Bitcoin price jumped today after a strange moment for markets. The Federal Reserve found itself at the center of a political storm, and the US dollar immediately felt the pressure. Comments from Fed Chair Jerome Powell about a possible criminal probe tied to the central bank’s headquarters renovation sent us scrambling to reassess risk.
And boy, just how quickly confidence shifted. The Federal Reserve looked vulnerable, the US dollar softened, and investors leaned into assets that sit outside direct political reach. In this setting, Bitcoin didn’t hesitate, pushing its price higher as uncertainty took place.
The threat of criminal charges is a consequence of the Federal Reserve setting interest rates based on our best assessment of what will serve the public, rather than following the preferences of the President”
Federal Reserve in Trouble? Will Bitcoin Price Run Continue?
Powell said the threat of charges stems from the Federal Reserve choosing policy based on economic data, not presidential preference. Markets took that explanation at face value. The US dollar slid to around 0.2%, pulling the dollar index toward 99, while the Bitcoin price ran to above $92,000.
Political pressure on the Federal Reserve has been building for some time. It is known that President Trump has repeatedly argued for lower rates and faster money creation, and with talk growing around a possible leadership change at the Fed later this year, we are beginning to price in instability. Betting markets now show about a 20% chance of Jerome Powell being out as Federal Reserve chair by March.
(source – Polymarket)
From a chart perspective, Bitcoin price spent most of last week moving sideways between $90,000 and $91,000, with the exception of a superb run to $94,000 on the 6th of January.

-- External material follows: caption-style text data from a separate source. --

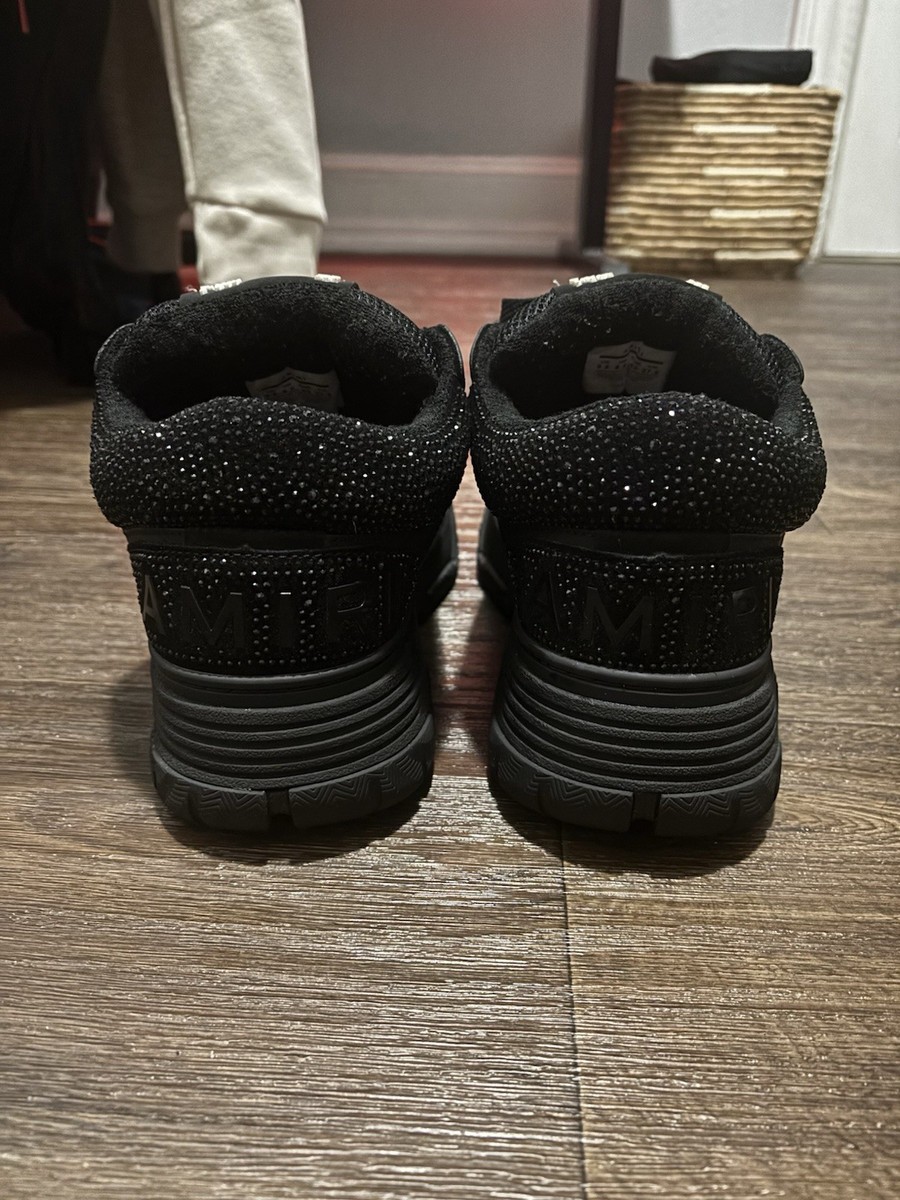Amiri Black Crystal MA-1 , Size 43 | eBay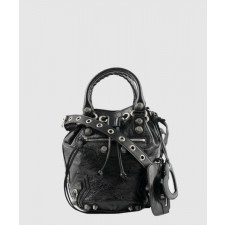 발렌시아가 라지 스트링 숄더백 716026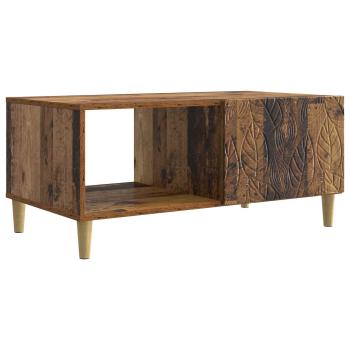 Couchtisch Altholz 90 x 50 x 40 cm Holzwerkstoff
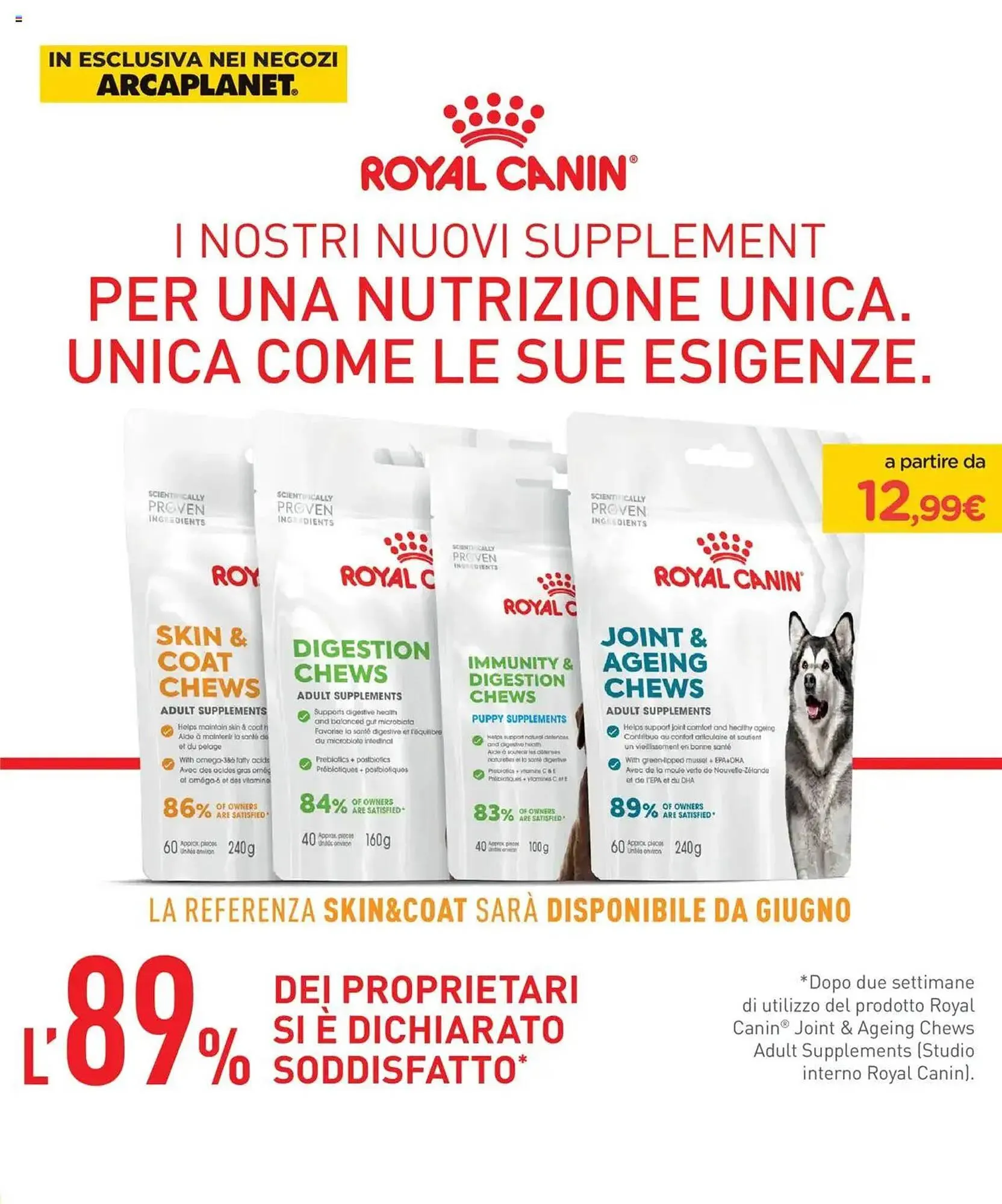 Volantino Arcaplanet da 13 giugno a 22 giugno di 2025 - Pagina del volantino 29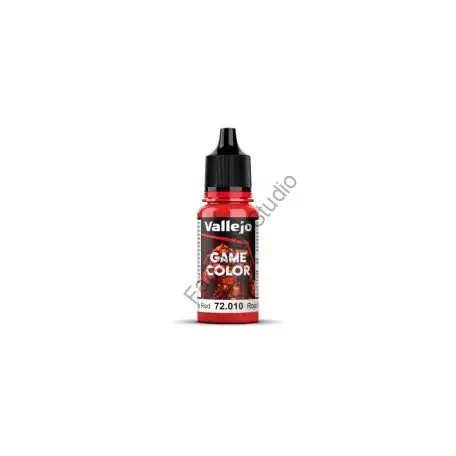 Vallejo - Game Color - Bloody Red 18 ml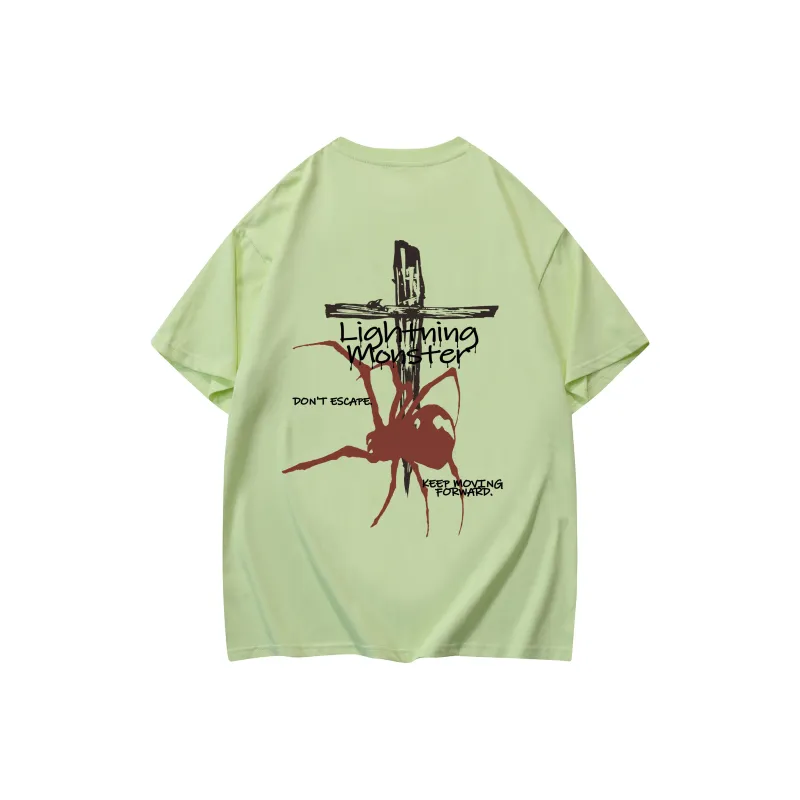 LIGHTNING MONSTER T Shirt Unisex-12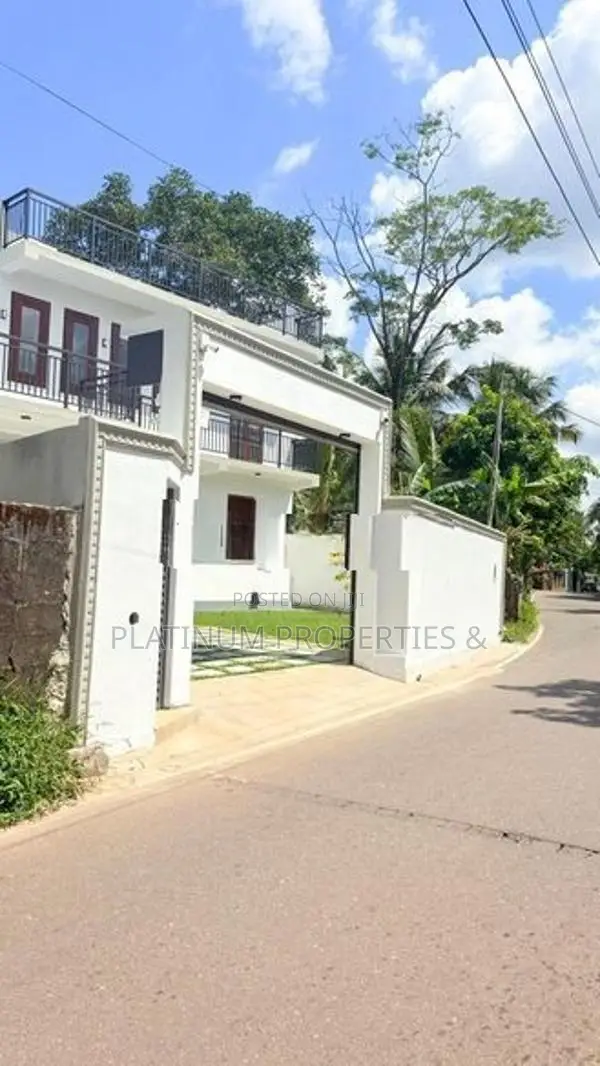 Brand New Super Luxury House For Sale In Maharagama Arawwala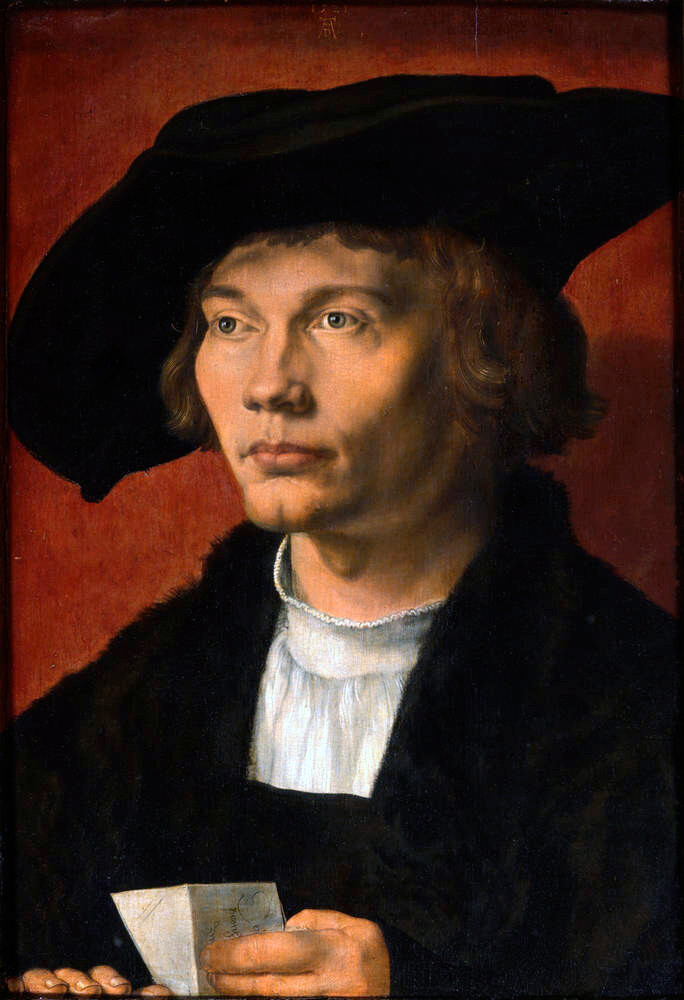 Albrecht Dürers „Bildnis eines jungen Mannes“, 1521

Buyers have been stepping in consistently, and today’s break above $92,000 confirmed a technical breakout. Momentum indicators, including an RSI near 60, show that the move still has room without looking stretched. And yeah, Michael Saylor’s Strategy is still buying.
₿ig Orange. pic.twitter.com/VmFz8nI1uq
— Michael Saylor (@saylor) January 11, 2026
DISCOVER: 10+ Next Crypto to 100X In 2026
Liquidity, FED’s Policy, and The Weakening of the US Dollar to Shape Markets?
Away from the headlines, liquidity remains a powerful force. Global liquidity is sitting at record highs as the Federal Reserve continues Treasury bill purchases and quietly expands its balance sheet. Additional stimulus measures, including large mortgage bond programs, have only added pressure on the US dollar.
Global Liquidity is skyrocketing.
Bitcoin will follow! pic.twitter.com/oQOsajXbss
— Mister Crypto (@misterrcrypto) January 11, 2026
Regulatory tone has also shifted. Progress toward clearer crypto rules and expectations of future Federal Reserve rate cuts have helped support sentiment. As the US dollar loses ground, Bitcoin is increasingly viewed as a practical alternative, and the price will follow.
Altcoins still followed Bitcoin’s move, though unevenly. Ethereum hovered at $3,200, while Solana pushed above $140. Although the market is still, at the moment, focused firmly on the Bitcoin price, which, like it or not, mirrors investor confidence.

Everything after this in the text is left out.